DATA EXCERPT:
..........

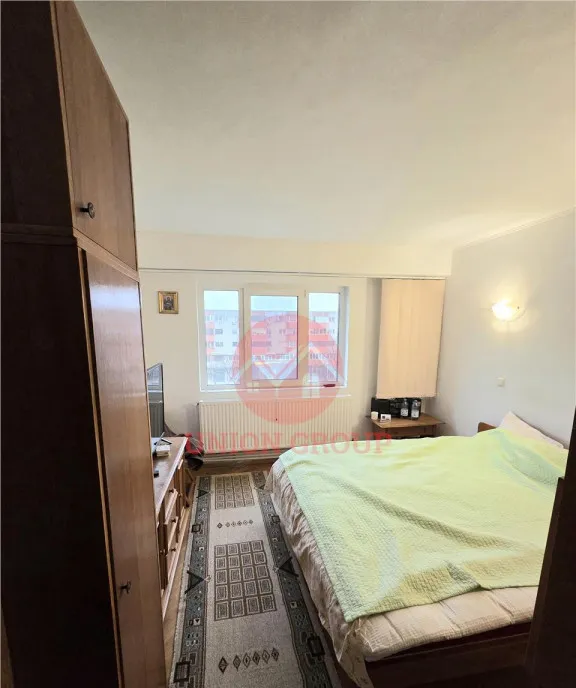 Apartament 3 Camere Decomandat zona Casa de Cultura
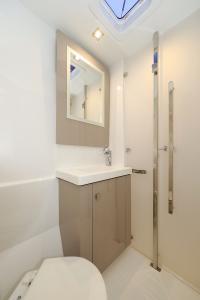 Fountaine Pajot Astrea 42 - 4 + 2 cab., picture 23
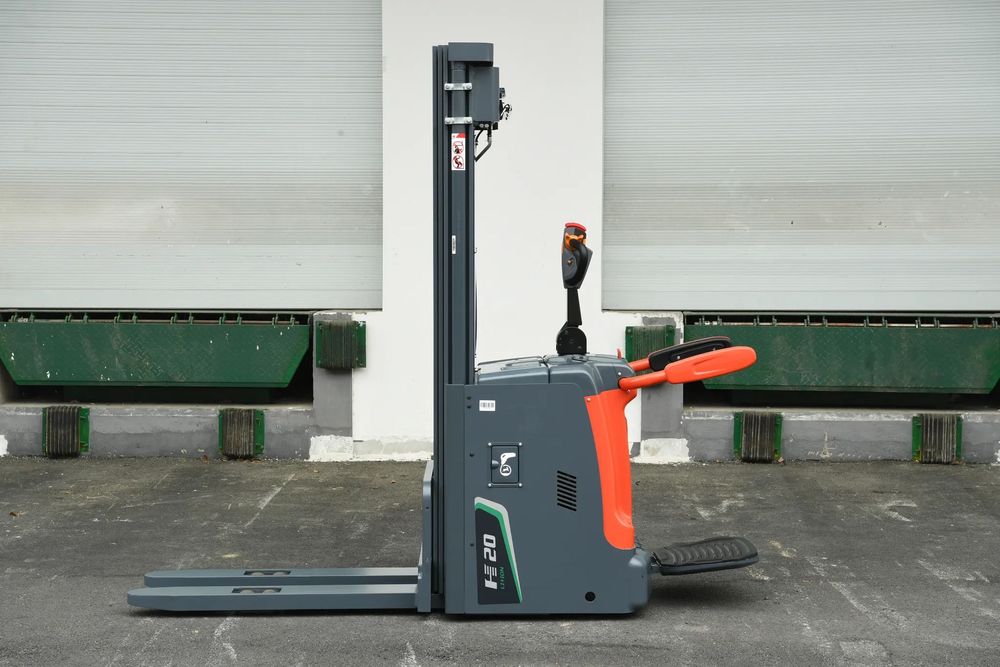 Heli CDD20-A2FLIH  Elektryczny wózek z masztem i podestem CDD20-A2FLiH, Triplex, LI-ON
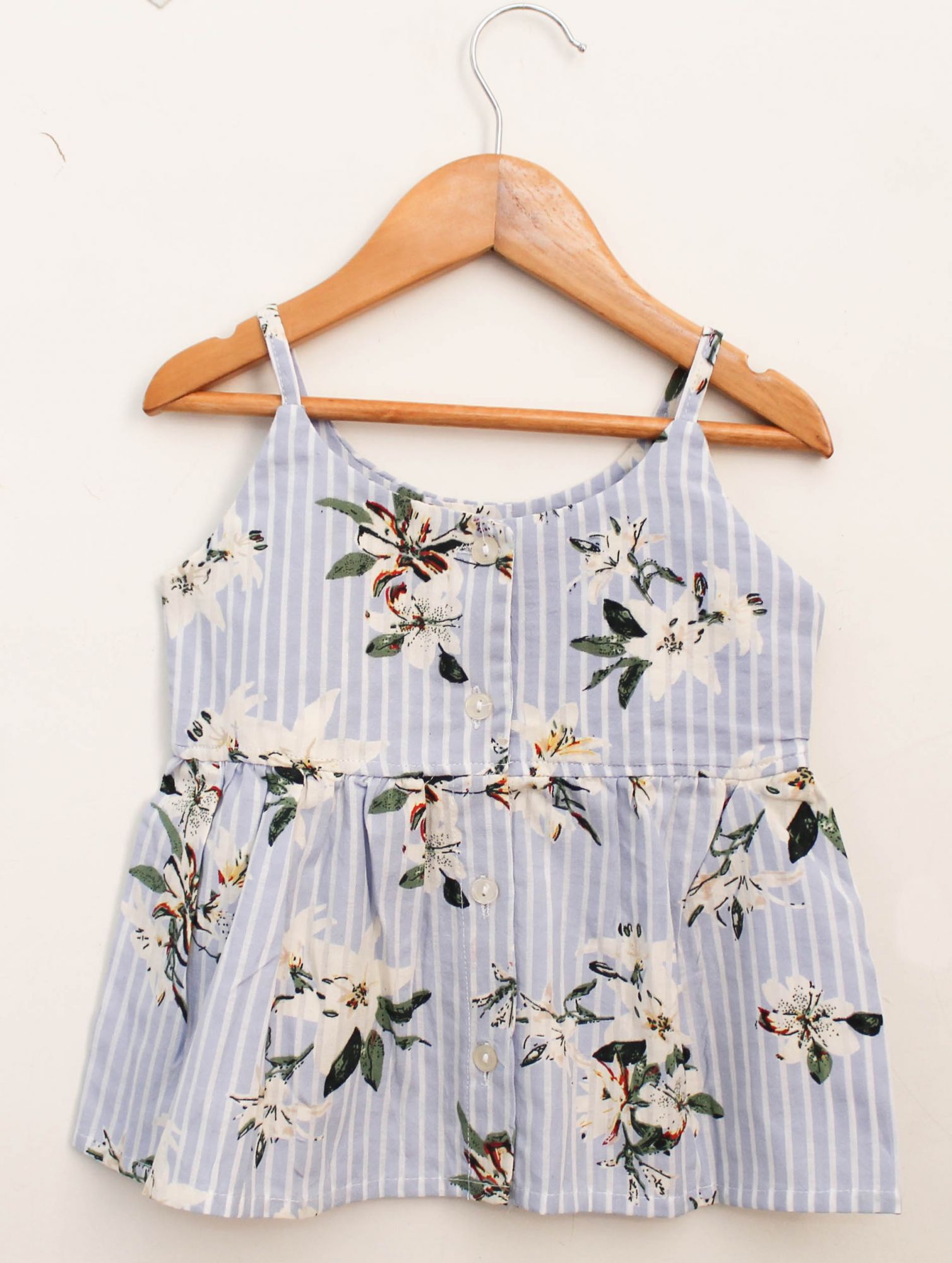 Woonie Sleeveless Floral Printed Top With CulottesLight Blue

..........

EXERCISE: Extract all the data above exactly, excluding every picture.

YOUR RESPONSE:
 Apartament 3 Camere Decomandat zona Casa de Cultura
 Fountaine Pajot Astrea 42 - 4 + 2 cab., picture 23
 Heli CDD20-A2FLIH  Elektryczny wózek z masztem i podestem CDD20-A2FLiH, Triplex, LI-ON
 Woonie Sleeveless Floral Printed Top With CulottesLight Blue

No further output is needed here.